According to a recent article in the New England Journal of Medicine (“Keeping the Patient in the Equation – Humanism and Health Care Reform,” August 6, Page 554-555). Groopman and Pamela Hartzband, another Harvard academic say the humanism movement and the evidence-based practice movement are on collision course.
Evidence-based medicine is based on the premise that, given the best available data and clinical protocols and guidelines and standardized procedures and guidelines, outcomes will improve and medicine will rest on a scientific foundation.
Furthermore, evidence-based care plays to the strengths of Interment medicine, viz, health 2.0, clinical algorithms, data mining, and predictive modeling.
Evidence-based medicine has a ring of logic and credibility, and it gives critics rational tools to contain costs while improving care.
But it has hidden flaws too. It is based on retrospective statistical generalities rather than individual patient and doctor expectations during a doctor-patient encounters; it may reduce the patient-doctor exchanges to statistical exercises based on sometimes equivocal cost effectiveness data; it may handcuff doctors who wish to give desperate patients one last hope of cure; it may put federal and private bureaucrats in the position of making clinical decisions based on retrospective data; it assumes ubiquitous data loaded and data acquiring EMRs will improve care and will be cost-effective, which has not been the case in the United Kingdom (“Effects of Pay for Performance on the Quality of Primary Care in England,” NEJM, July 23, 2009, page 368- 377).
According to British researchers in the same article, using computers to meet quality criteria may disrupt the continuity of care. Finally, so-called evidence-based care fails to address the main health reform concerns of American physicians.
As noted above, according to Palestrant, founder and CEO of Sermo.com, the four main health reforms needed as reflected in the opinions of 110,000 physicians participating in Sermo, are:
1. Reducing unnecessary tests and procedures through tort and malpractice reform,
2. Allowing doctors to spend more time taking care of patients by making billing more transparent and streamlined (creating an alternative to CPT codes)
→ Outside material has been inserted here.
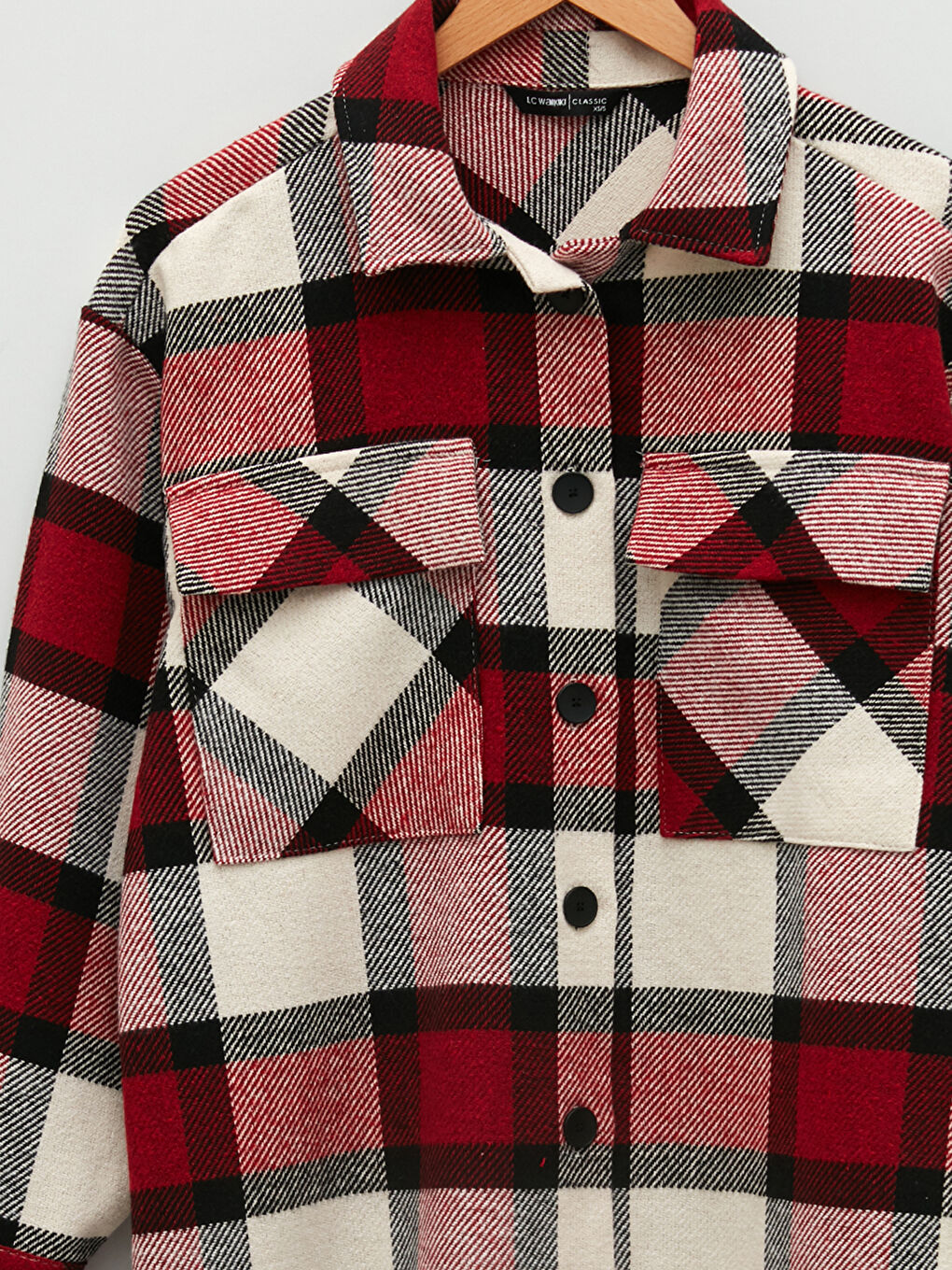 LCWAIKIKI Classic Buttoned Plaid Long Sleeve Women's Shirt Jacket -W1HU06Z8-LPA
3. Insurance reform to ensure that physicians are making medical decisions with their patients, not insurance company administrators.
4. Revising the methods used for calculating reimbursements so that there will be enough qualified physicians to provide patient care.
These concerns have merit. They are not trivial and are not addressed in the House Bill, H.R. 3200. I would add that unless these concerns are addressed, physician demoralization will continue ; the physician shortage and the number of physicians not accepting new Medicare and Medicaid patients will surely grow. Universal coverage without access to physicians will be meaningless.
Finally, I bring attention of readers to a chapter in my book, Obama, Doctors, and Health Reform, on the work of Dr. Palestrant, in which I make the following observations based on a conversation with him.
1) Through a web of rules and regulations, and outdated reimbursement rules, the deck is stacked against physicians and discourages innovations.
2) A genuine and deep physician “supply and demand” disequilibrium exists for American physicians.
3) The “perfect information" quest, based on retrospective health plan and Medicare claims data, is unrealistic.
4) A shift to consumer-centered care, making them conscious of what they’re paying fork, market transparency of prices and outcomes, and personal responsibility is underway.